Tuesday, July 13, 2010

It Depends Upon What The Meaning of the Word Campaign Is

Thanks to MediaBizBloggers for publishing this on their site first:


The second most misused word in our industry, after strategy, has to be campaign. When I started in the biz, it meant the planned and coordinated totality of a selling idea and an executional approach for a brand. Campaigns rarely lasted less than a year. Some lasted 20 years or more.

Things are sure different now. It can be rather challenging to work in a segment of the business where one banner ad executed in four sizes is considered a campaign. Or where all of the messages and media of a finite period, regardless of their look, feel, or message, are called a campaign.

Google says those 25 results you punch into AdSense are a campaign. Heck, I’ve heard one ad on the front page of Yahoo for one day called a campaign.

That loose usage of the term “campaign” contributes to the creativity ghetto that is digital marketing. Too often, we spend millions delivering messages devoid of creative ideas. That may be what selling can be about, but not marketing.

We’re here to create value by imbuing brands with enduring meaning. That’s an impossible challenge for a handful of SEM results or one banner “concept” executed in four different sizes. And don’t even get me started on what digital people think a concept is.

Campaigns begin with a central idea. Just Do It. The Ultimate Driving Machine. Keep Walking. Not Save 20% today. Or Download a White Paper. Offers are critical, but to actually do marketing you have to begin with a thought that helps consumers file away pleasing brand information.

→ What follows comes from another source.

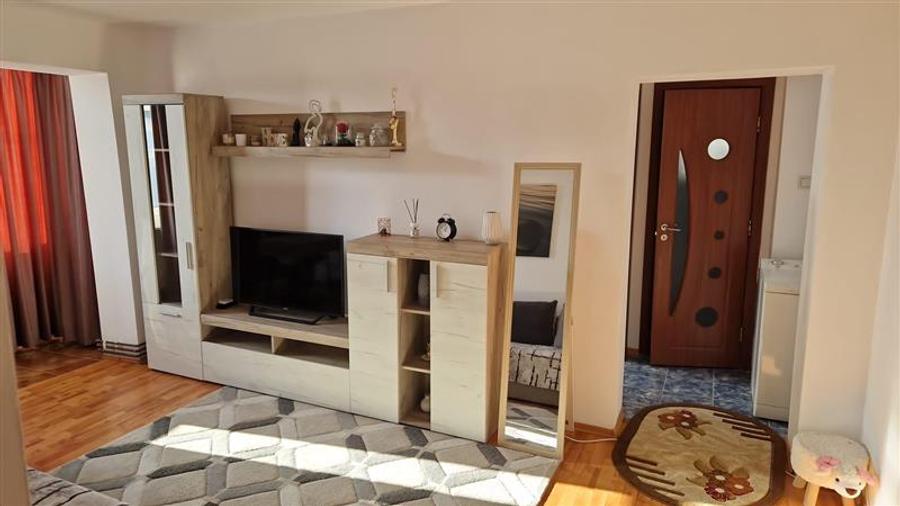 Apartament 2 camere de inchiriat piata 1 Mai - 1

The definition of “campaign” used to be quite narrow. It often combined a selling idea with a litany of “executional mandatories” like font and colors and ad style. Good campaigns these days are a
lot more freeform.

Digital surely has helped drive the need for this sort of executional freedom. We are barraged with more and more messages everyday; if you want to reinforce an idea, you need to constantly surprise and delight consumers with the ways that you deliver that message. Can’t do that when all the ads look and sound the same.

Digital agencies tend to suck at delivering real campaign ideas. Yes, there are exceptions. But in general. I think there are three reasons for this:

• Most digital people grew up in digital, where campaign ideas were at best secondary considerations.
• Lots of digital people don’t know what campaigns are.
• We ache for constant change in everything. There’s always another shiny object we want to serve up.

As a result, we don’t make brand progress. We’re great at selling stuff. But the reason why so many big brands continue to “short” digital media relative to its share of total consumer media time is that our “campaigns” aren’t campaigns.

Campaign ideas have always been the bread and butter of traditional agencies. But as they help their brands do more in interactive, many struggle with injecting enough executional freedom under the idea. Not all, but many. Everything comes out lockstep. I think there are three reasons for this:

• It’s the way it has been done for ages. And with plenty of success.
• Traditional agencies tend to prefer tightly defined ideas because you make more money on them.Creative development costs a great deal more than making “pool outs” of the same bloody thing.
• Some traditional agencies approach advertising with the view that their way is the best way and therefore no deviation from their approach is appropriate.

The challenge there is that the nature of branding has changed. Consumers now give as much as they get in terms of brand definition. And to the extent that some traditional agencies are closed to consumer participation, they are doing a disservice to the very brands they are purporting to protect.

So which kind of agency is going to change the way it thinks first? One requires a change in reasoning. The other a change in feeling.